The unprecedented barrage of spacecraft is due partly to the relatively close distance between Earth and Mars, an alignment that occurs every two years. This year's lineup is particularly favorable, with Earth and Mars about 35 million miles apart -- as close as they have been in more than 60,000 years. At that distance, spacecraft can be dispatched from Earth using less powerful and less expensive boosters.
No one expects everything to go perfectly, however.
"Mars has been a most daunting destination," said NASA's associate administrator for space science Ed Weiler. "Some -- including me -- have called it 'The Death Planet.'"
NASA would know. The twin Mars Exploration Rovers, named Spirit and Opportunity, follow the loss of the Mars Polar Lander and the Mars Climate Orbiter. Two other probes, however -- the Global Surveyor and the Mars Odyssey -- have been returning compelling pictures and data about geologic features and other attributes of Mars.

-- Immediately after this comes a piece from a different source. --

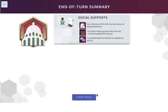That's the end of our turn. We introduced a bill, we held a hearing and unlocked clauses, and we deliberated on the bill to update its policy.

Europe defied the odds this week, successfully putting its Mars Express spacecraft in orbit for a planned two-year mission to look for underground water. The spacecraft, which arrived Dec. 24, is designed to use radar to probe 2-1/2 miles beneath the planet's surface. In addition, Mars Express has a high-resolution stereo camera to map the planet's surface.
The fate of Beagle 2, the small companion rover, dispatched for an independent mission and scheduled to make contact on Christmas day, was unknown.
Japan had hoped to join the international science fest at Mars, but could not fix a problem with its spacecraft's power system to slip into orbit. Nozomi, which means hope, joins a long list of failed Mars probes that represent two-thirds of all spacecraft launched to the planet.
Even more difficult than settling into orbit is landing on the planet, with only three successful missions to date: two Viking landers sent by NASA in July and September 1976 and the Mars Pathfinder mission, which included the pint-sized Sojourner rover, in 1997.
NASA's next attempt comes Jan. 3, when Spirit is scheduled to make its high-speed descent to the planet's surface. If it survives the risky parachute descent and airbag-cushioned landing, Spirit is expected to spend about three months combing the dry lakebeds in Gusev Crater, a huge impact basin that once might have held a lake formed by water that flowed down from the highlands. The rover will search for sediments that could hold geologic evidence of past water.
The rover's twin, Opportunity, is slated to arrive Jan. 24, landing at an unusual mineral concentration on the equatorial Meridiani Plain. The area contains large quantities of a mineral that on Earth forms almost always in the presence of liquid water. The iron oxide, called hematite, was detected by the Mars Global Surveyor.
The goal of the missions, Weiler said, is to answer questions about whether the planet's surface was ever suitable for life.
"If successful," he said, "Spirit and Opportunity will help humans take a giant leap forward in our understanding of Mars' potential for past or current life."